Ainda assim, Dallagnol afirmou que o principal lugar para que as mudanças e a luta contra a corrupção se instaurem é dentro do Supremo e do Congresso. Afirmou que, a seu ver, estão "devendo nos últimos anos" no tocante ao combate à corrupção.
— Agora, embora eu faça críticas às instituições, eu não estou pregando de forma nenhuma, e ninguém deve pregar, o fechamento das instituições. É delas que depende a nossa democracia, a nossa liberdade. A gente deve, sim, criticar, mas para aperfeiçoar as instituições — defende.
Maia e Alcolumbre ocultados
O coordenador da Lava-Jato também comentou sobre a denúncia de que os presidentes da Câmara, Rodrigo Maia, e do Senado, Davi Alcolumbre, teriam seus nomes camuflados em uma denúncia da Procuradoria da República do Paraná, datada de dezembro de 2019. De acordo com Dallagnol, a denúncia não era contra políticos, mas, sim, de lavagem de dinheiro de mais de R$ 1 bilhão de reais contra pessoas ligadas ao grupo Petrópolis.
— O grupo Petrópolis fazia pagamentos no Brasil por ordem da Odebrecht, em favor da Odebrecht e recebia lá no Exterior, esse era o esquema de lavagem de dinheiro — explica.
— Para comprovar, puxamos todos os pagamentos eleitorais que a Petrópolis fez em favor da Odebrecht.
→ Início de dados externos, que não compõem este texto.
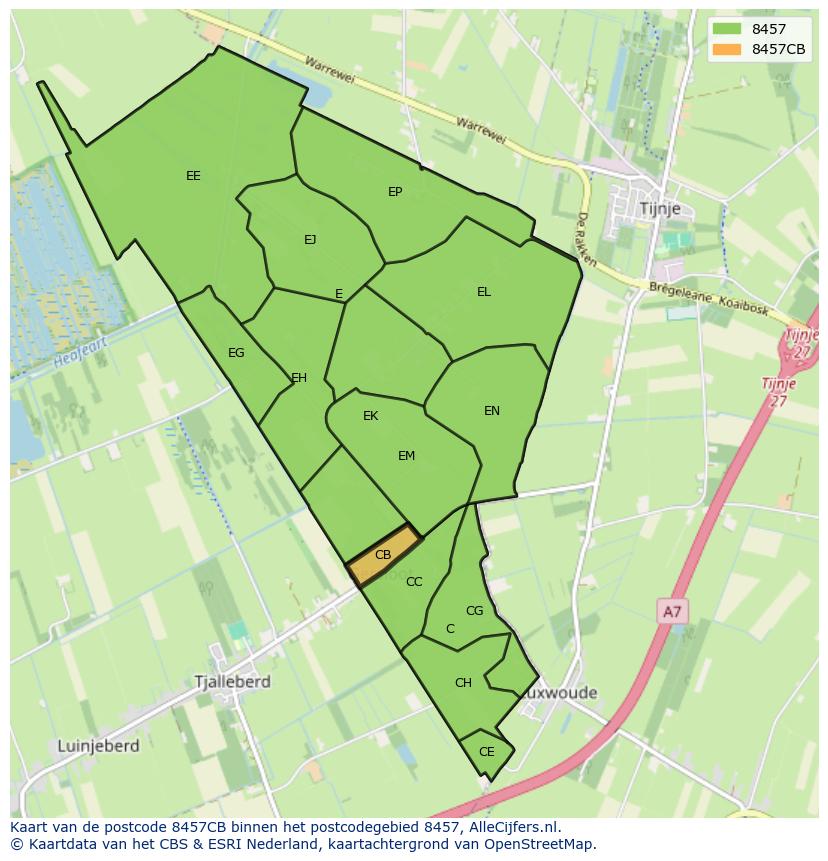 Afbeelding van het postcodegebied 8457 CB op de kaart.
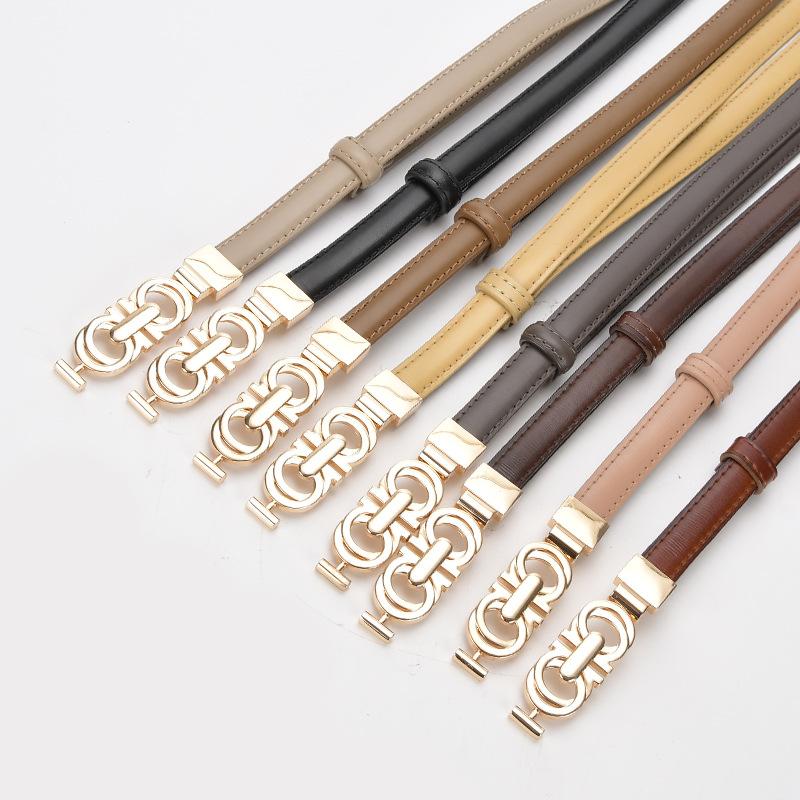 Fashionable Leather Thin Belt New Style Decoration with Skirt with Versatile Waist-length Punch-free Women's Suit Belt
E de onde que a gente puxou ? De sistemas públicos, do TSE. Puxou planilhas de doações feitas por empresas do grupo Petrópolis para políticos que hoje ocupam diferentes cargos públicos. E quando a gente puxou esses pagamentos foram tabelas, planilhas. Isso foi planilhado e essa planilha foi colocada na denúncia, mas alguns campos foram cortados. Em algumas partes dessa tabela, não apareciam os nomes inteiros. — diz.
Dallagnol também afirma que nem o presidente da Câmara, nem do Senado, foram investigados ou acusados nesse caso. Além disso, lembra que a investigação veio para Curitiba por desmembramento do Supremo Tribunal Federal, e que a planilha — pública, do Tribunal Superior Eleitoral — foi enviada pela própria Corte para eles.